Short Film News (SFN)- Chris Marker, a celebrated French film-maker best known for La Jetee, dies at the age of 91.
Marker collaborated with cinema greats including Akira Kurosawa, Costa-Gavras and Alain Resnais over the course of a career spanning six decades in which he made over 50 films, many of them inspired by his left-wing and anti-colonial politics.
He was best-known for his 1962 short-film La Jetee (The Pier), a story of a survivor of a future war travelling back in time to relive his own death.
The highly stylised film inspired Terry Gilliam's 12 Monkeys sufficiently for Marker to be credited as one of the writers on the 1995 feature.
Marker was notorious for keeping his private life to himself, shunning interviews and refusing to be photographed.
He even teased the world by claiming he was born in Mongolia despite the fact that he actually hailed from Paris suburb Neuilly-sur-Seine.
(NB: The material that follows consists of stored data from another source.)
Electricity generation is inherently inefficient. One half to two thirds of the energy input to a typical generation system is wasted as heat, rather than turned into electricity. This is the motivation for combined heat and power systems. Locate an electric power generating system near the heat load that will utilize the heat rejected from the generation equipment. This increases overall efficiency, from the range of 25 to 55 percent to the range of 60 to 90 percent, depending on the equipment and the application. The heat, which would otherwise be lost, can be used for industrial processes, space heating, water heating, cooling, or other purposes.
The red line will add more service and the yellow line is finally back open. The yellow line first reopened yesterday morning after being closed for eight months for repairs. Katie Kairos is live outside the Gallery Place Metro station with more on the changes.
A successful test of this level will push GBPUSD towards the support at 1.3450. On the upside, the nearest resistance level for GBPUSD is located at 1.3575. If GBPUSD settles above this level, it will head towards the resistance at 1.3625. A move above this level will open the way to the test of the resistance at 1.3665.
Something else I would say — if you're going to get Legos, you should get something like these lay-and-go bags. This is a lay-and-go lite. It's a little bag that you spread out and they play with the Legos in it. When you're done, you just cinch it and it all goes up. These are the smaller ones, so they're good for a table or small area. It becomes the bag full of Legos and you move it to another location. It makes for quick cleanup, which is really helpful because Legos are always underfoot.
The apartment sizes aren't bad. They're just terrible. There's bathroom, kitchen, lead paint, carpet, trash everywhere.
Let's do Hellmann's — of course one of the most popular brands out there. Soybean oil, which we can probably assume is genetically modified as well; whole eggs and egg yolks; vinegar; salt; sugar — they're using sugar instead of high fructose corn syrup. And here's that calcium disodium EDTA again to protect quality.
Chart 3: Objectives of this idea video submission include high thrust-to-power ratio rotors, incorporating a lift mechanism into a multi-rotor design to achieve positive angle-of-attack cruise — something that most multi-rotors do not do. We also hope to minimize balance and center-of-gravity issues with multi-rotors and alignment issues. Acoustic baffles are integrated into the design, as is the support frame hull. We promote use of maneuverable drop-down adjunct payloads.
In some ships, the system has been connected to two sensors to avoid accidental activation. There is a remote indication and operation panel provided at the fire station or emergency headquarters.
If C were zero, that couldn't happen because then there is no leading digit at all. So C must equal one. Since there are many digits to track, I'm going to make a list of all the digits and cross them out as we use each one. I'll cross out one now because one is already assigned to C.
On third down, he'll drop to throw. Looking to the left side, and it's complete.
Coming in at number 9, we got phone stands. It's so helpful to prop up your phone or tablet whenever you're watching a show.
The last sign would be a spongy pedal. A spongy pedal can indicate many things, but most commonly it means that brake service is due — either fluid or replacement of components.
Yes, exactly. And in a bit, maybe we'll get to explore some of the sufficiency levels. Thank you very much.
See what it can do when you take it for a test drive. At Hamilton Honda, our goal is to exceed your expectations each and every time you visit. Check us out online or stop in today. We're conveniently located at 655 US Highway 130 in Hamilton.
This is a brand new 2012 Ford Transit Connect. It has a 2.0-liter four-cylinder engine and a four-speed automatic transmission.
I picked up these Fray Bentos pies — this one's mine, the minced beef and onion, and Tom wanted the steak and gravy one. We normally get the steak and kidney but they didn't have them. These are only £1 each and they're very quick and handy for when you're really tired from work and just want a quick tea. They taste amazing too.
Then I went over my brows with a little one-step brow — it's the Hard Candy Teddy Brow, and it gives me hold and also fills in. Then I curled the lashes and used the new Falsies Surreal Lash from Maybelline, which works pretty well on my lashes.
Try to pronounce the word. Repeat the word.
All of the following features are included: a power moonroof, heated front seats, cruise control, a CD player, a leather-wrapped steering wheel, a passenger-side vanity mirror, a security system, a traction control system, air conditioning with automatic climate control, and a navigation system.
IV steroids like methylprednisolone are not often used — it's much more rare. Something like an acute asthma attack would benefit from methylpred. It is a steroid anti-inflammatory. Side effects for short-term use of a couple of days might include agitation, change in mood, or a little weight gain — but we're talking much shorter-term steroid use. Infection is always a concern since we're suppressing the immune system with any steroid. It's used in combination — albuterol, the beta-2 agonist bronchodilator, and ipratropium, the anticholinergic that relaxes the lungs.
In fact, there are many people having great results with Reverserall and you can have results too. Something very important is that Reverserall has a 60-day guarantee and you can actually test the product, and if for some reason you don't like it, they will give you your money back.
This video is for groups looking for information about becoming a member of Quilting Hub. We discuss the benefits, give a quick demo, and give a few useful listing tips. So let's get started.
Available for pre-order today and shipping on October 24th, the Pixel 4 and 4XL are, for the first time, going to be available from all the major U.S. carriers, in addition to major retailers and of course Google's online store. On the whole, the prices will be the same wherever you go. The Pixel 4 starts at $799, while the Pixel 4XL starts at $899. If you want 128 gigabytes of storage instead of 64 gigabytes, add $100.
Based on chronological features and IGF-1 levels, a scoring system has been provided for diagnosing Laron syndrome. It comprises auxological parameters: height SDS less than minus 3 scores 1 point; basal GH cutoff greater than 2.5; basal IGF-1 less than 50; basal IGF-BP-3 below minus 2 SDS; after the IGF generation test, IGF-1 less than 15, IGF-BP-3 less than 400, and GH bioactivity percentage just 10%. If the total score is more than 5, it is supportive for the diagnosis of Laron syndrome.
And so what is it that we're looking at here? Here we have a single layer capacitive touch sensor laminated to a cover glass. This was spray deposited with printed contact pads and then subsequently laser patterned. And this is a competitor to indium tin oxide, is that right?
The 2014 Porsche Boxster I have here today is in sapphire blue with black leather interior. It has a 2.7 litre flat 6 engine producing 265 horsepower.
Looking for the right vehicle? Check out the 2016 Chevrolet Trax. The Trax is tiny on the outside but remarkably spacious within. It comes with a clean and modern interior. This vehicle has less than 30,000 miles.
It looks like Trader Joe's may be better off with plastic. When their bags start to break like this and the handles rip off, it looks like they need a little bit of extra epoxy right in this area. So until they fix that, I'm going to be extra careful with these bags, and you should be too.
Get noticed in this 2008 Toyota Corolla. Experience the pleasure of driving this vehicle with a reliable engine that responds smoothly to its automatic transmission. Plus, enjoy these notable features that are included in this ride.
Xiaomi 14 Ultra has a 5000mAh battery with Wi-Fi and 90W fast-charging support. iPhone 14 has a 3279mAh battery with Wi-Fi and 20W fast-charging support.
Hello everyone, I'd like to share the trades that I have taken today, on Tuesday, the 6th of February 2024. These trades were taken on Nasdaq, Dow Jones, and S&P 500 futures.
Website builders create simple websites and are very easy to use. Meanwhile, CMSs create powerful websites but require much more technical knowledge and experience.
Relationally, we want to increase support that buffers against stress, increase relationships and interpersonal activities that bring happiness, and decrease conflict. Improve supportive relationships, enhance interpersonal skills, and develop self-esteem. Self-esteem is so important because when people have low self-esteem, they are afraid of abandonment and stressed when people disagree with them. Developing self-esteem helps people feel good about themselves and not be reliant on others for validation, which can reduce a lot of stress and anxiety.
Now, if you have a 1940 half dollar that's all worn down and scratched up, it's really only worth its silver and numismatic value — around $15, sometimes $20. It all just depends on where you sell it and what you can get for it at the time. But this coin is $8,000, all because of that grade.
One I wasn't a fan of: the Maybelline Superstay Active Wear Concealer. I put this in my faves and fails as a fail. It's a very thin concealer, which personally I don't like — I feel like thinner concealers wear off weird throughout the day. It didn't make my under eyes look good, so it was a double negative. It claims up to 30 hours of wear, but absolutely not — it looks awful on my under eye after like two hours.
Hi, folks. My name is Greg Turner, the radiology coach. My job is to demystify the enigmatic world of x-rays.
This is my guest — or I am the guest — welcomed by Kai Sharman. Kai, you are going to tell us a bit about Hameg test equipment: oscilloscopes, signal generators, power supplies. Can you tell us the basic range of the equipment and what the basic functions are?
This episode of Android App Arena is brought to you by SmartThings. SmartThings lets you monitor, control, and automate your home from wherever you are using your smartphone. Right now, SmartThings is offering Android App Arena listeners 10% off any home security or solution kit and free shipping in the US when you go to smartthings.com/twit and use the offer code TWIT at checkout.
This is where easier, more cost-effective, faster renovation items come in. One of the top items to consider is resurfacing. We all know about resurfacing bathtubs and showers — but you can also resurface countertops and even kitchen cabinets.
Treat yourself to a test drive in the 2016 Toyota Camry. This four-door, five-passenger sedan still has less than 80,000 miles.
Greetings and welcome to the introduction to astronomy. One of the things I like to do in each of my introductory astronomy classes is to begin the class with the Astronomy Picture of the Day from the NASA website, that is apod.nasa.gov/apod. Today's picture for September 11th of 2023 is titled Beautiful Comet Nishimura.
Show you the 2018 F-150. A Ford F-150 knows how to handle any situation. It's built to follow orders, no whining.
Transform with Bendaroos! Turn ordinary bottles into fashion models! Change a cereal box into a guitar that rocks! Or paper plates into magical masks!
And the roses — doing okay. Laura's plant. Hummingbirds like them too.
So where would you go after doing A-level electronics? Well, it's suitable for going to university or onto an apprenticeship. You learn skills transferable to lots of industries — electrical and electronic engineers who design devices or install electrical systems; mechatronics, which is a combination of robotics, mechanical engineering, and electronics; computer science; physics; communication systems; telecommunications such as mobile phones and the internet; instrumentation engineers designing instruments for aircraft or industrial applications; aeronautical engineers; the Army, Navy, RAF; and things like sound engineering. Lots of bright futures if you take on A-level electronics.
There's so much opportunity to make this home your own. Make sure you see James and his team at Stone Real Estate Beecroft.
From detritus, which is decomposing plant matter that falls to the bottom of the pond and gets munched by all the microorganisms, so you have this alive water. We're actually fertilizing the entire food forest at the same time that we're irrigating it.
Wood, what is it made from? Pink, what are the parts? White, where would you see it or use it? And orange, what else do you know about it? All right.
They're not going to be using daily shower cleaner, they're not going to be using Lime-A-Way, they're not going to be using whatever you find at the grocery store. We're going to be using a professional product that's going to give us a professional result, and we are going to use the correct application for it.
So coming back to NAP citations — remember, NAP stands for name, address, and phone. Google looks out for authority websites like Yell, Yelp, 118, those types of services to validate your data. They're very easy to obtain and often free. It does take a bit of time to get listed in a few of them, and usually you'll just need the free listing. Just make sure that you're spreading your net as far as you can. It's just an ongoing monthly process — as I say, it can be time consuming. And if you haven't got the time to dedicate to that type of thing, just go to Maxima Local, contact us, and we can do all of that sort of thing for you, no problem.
However, the friend to several famous directors of what was known as the “Left Bank Film Movement” like Alain Resnais, Agnes Varda and Henri Colpi, Marker wasn’t a misanthrope according to Costa Gavras who told French newspaper Le Monde on Monday: “He was a profoundly honest man, both politically and cinematographically.”
He worked as assistant director on Resnais’ famous Holocaust film Night and Fog. Resnais has described Marker as "the prototype of the 21st century man".
Marker certainly wasn’t shy with his art. He worked as a journalist and a critic for famed French film magazine Les Cahiers du Cinéma. His first film was Olympia 52, a documentary about the 1952 Helsinki Olympics. His 1961 title Si Cuba was banned in the US since it supported Fidel Castro and criticized America.